• What you have to do
Omit the images and output every line of the data below exactly.

• Data segment
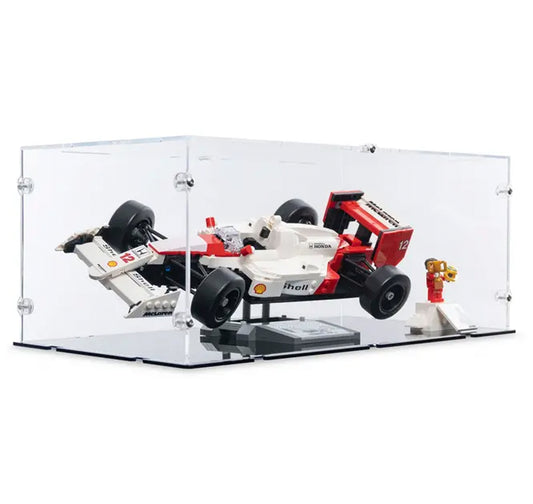 iDisplayit Acrylic Display Case for LEGO 10330 Senna McLaren MP4/4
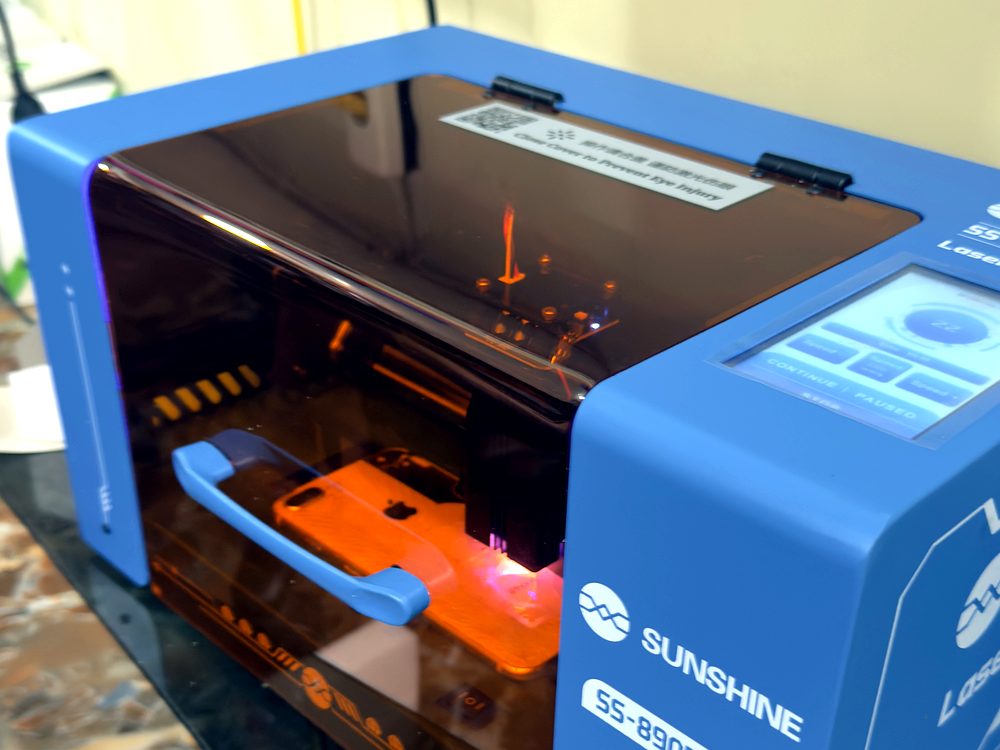 Mesin laser separator LCD Sunshine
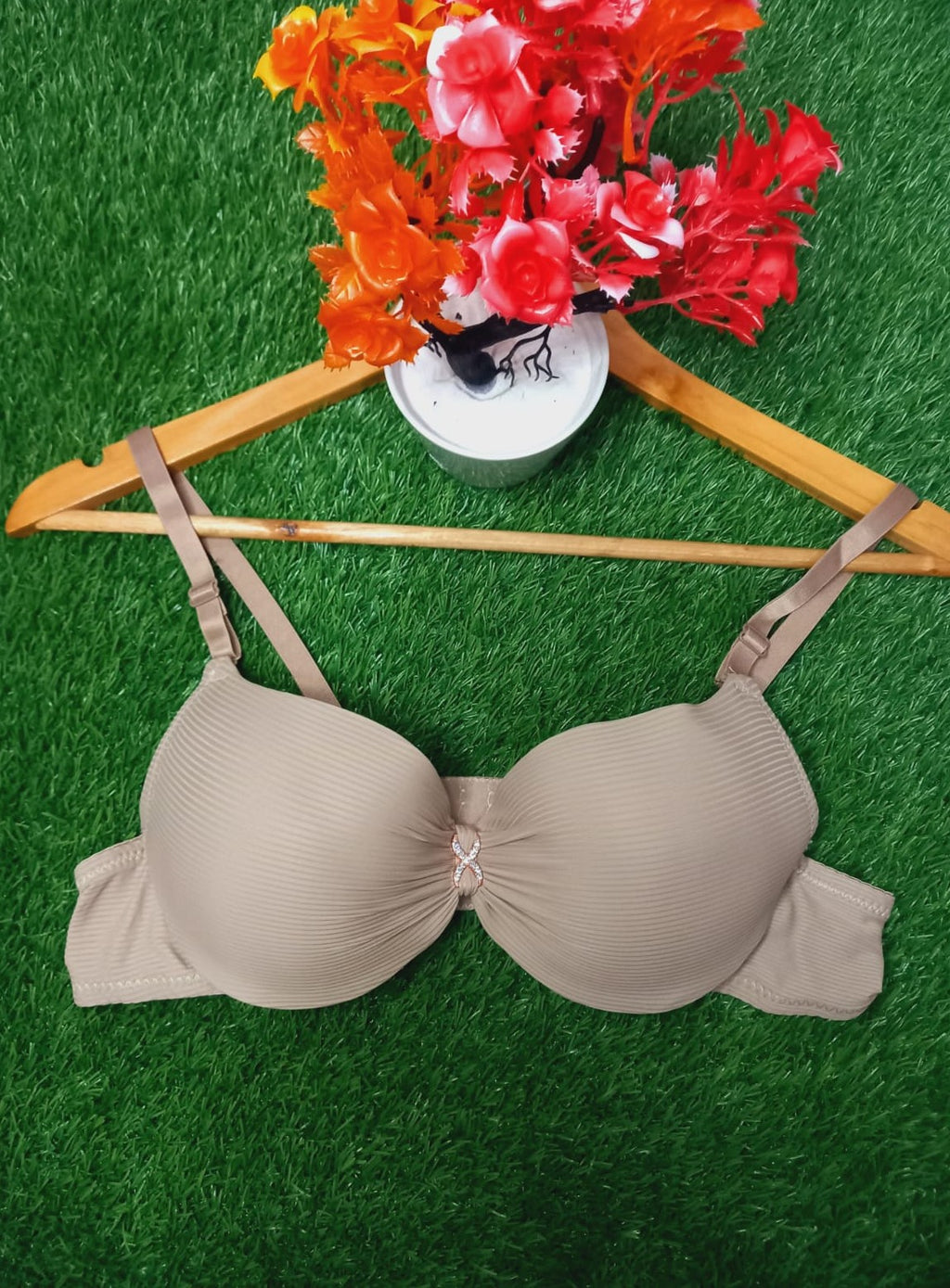 Women's Adjustable Padded Under Wire Bra Push Up Bras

• Exercise solution
 iDisplayit Acrylic Display Case for LEGO 10330 Senna McLaren MP4/4
 Mesin laser separator LCD Sunshine
 Women's Adjustable Padded Under Wire Bra Push Up Bras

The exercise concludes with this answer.